▶ [Exercise]
Every line below that holds the string "Armani" should be copied.

※

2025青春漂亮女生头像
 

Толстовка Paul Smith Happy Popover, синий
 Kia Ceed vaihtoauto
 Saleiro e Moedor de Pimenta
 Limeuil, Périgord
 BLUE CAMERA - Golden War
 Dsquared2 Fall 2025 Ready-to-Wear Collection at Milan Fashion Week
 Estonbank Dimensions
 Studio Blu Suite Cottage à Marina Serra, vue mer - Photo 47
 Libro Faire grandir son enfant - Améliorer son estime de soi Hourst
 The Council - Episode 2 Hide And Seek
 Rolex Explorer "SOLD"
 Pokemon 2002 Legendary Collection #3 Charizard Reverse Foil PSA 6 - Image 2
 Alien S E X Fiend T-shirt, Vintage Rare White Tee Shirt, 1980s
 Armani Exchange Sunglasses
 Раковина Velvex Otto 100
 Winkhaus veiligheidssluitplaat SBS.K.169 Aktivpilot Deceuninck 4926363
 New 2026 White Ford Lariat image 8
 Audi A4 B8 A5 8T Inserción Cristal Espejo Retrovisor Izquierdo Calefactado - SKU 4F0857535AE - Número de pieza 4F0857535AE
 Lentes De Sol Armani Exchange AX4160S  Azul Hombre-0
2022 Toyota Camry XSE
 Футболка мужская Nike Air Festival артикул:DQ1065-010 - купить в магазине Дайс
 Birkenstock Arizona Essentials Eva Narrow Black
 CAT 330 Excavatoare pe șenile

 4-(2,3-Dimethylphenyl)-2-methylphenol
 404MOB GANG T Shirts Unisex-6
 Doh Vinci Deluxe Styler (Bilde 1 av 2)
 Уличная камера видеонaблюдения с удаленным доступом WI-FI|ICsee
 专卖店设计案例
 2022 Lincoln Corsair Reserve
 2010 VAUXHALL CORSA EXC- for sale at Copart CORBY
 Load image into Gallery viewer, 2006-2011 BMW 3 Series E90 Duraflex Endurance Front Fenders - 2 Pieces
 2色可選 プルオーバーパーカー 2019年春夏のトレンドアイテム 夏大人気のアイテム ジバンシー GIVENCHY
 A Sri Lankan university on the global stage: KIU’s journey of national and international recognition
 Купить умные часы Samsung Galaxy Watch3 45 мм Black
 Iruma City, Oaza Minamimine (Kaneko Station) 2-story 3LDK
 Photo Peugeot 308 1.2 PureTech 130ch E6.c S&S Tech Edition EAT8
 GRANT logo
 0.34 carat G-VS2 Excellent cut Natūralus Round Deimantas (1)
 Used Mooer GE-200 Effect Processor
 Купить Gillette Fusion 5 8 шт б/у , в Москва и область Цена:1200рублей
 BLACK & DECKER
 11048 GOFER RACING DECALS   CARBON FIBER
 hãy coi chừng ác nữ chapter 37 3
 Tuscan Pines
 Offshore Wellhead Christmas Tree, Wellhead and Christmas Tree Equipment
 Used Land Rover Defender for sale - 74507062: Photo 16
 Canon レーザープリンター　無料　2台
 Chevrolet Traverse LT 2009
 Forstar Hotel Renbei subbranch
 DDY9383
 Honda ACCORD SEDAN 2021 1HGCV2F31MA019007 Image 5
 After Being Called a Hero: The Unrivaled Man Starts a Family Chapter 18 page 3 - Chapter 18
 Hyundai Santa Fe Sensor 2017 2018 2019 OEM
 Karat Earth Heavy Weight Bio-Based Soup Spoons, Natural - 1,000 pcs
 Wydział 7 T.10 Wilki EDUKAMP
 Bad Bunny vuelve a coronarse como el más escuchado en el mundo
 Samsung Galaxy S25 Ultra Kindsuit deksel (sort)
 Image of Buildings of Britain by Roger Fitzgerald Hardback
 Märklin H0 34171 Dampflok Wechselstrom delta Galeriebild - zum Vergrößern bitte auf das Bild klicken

※

▶ [Output]
 Armani Exchange Sunglasses
 Lentes De Sol Armani Exchange AX4160S  Azul Hombre-0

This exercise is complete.